This project aims to analyze the uniform participation patterns of MPI processes in C/C++ code using LLVM/Clang. By leveraging the LLVM framework, we developed a custom analysis pass that identifies MPI communication calls & detects patterns of uniform participation among MPI processes.

1. Hardik Pawar
2. Karan Sathish
3. Abhishek Yadav
4. Harshit Dhoot

• MPI Communication Analysis: Detects & analyzes MPI_Send and MPI_Recv calls.
• Uniform Participation Detection: Identifies uniform participation patterns across MPI processes.
• Automated shell script execution: Simplifies the process of running the analysis by using a single command.
• Detailed Reporting: Provides comprehensive reports on detected communication patterns.
• LLVM/Clang Integration: Utilizes LLVM's powerful analysis and transformation capabilities.

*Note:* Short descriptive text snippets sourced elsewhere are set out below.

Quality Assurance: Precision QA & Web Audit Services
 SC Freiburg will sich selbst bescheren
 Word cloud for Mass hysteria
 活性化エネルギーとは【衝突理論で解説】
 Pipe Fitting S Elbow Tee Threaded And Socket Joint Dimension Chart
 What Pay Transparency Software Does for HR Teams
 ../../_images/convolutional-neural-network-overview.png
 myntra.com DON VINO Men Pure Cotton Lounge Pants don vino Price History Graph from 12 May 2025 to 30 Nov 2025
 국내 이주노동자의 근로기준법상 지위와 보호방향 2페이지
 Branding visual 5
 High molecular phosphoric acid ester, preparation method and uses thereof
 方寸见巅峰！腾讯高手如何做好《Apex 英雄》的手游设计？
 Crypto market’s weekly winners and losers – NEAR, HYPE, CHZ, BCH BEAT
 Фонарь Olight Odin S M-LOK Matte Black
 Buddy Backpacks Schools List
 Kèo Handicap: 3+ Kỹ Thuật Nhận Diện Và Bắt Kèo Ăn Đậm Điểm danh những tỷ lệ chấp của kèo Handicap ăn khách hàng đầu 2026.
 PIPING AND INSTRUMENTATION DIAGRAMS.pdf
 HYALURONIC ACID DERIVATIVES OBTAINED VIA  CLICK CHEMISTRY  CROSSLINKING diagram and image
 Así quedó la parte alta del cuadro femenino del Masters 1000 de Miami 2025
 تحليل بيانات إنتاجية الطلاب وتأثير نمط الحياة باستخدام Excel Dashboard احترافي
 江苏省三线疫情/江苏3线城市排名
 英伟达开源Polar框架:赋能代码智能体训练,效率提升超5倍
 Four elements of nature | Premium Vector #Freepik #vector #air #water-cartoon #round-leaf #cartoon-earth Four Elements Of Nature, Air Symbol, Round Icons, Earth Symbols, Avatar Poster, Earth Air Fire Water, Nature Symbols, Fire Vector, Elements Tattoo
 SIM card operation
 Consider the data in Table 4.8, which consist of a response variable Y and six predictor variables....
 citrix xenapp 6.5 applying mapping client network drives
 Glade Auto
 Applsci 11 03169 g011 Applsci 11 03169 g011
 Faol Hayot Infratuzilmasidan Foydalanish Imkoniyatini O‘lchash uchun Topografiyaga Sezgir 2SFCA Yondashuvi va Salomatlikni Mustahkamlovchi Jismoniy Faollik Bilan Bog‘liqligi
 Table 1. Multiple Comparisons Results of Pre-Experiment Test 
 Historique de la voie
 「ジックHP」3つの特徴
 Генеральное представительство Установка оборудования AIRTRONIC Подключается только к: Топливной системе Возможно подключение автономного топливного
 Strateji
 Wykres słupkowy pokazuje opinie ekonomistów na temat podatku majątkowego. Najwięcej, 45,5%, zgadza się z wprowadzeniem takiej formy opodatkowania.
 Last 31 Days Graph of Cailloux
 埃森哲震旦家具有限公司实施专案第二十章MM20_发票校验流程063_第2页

• MPIAnalysisPass.cpp: An LLVM pass that analyzes MPI communication patterns in the provided IR code. It detects MPI_Send & MPI_Recv calls, extracts relevant information, and analyzes uniform participation patterns among the MPI processes.

• Input C Files:

  1. original.c: The original MPI C code as given in the problem statement. The program consists of the following process communication:

     • Process 0 sends data to Process 1 with tag 0
     • Process 1 receives data from Process 0 with tag 0

  2. mpi_example.c: A simple MPI program demonstrating point-to-point communication between processes using both the default communicator (MPI_COMM_WORLD) and custom communicators. The program performs consists of the following process communication:

     • Process 0 sends data to Process 1 using tag 0.
     • Process 4 sends data to Process 5 using tag 2.
     • Process 2 sends data to Process 3 using tag 1.
     • Process 6 sends data to Process 7 using tag 3.

  3. mpi_example2.c: An extended version of the mpi_example.c program with additional communication patterns. The program consists of the following process communication:

     • Process 0 sends data to Process 1 with tag 0
     • Process 0 sends data to Process 2 with tag 0
     • Process 1 receives data from Process 0 with tag 0
     • Process 2 receives data from Process 0 with tag 0

• run_mpi_analysis.sh: A script that automates the process of compiling the MPI program to LLVM IR, building the LLVM analysis pass, and running the analysis pass on the generated LLVM IR. This script streamlines the process, making it easy to execute the entire workflow with a single command.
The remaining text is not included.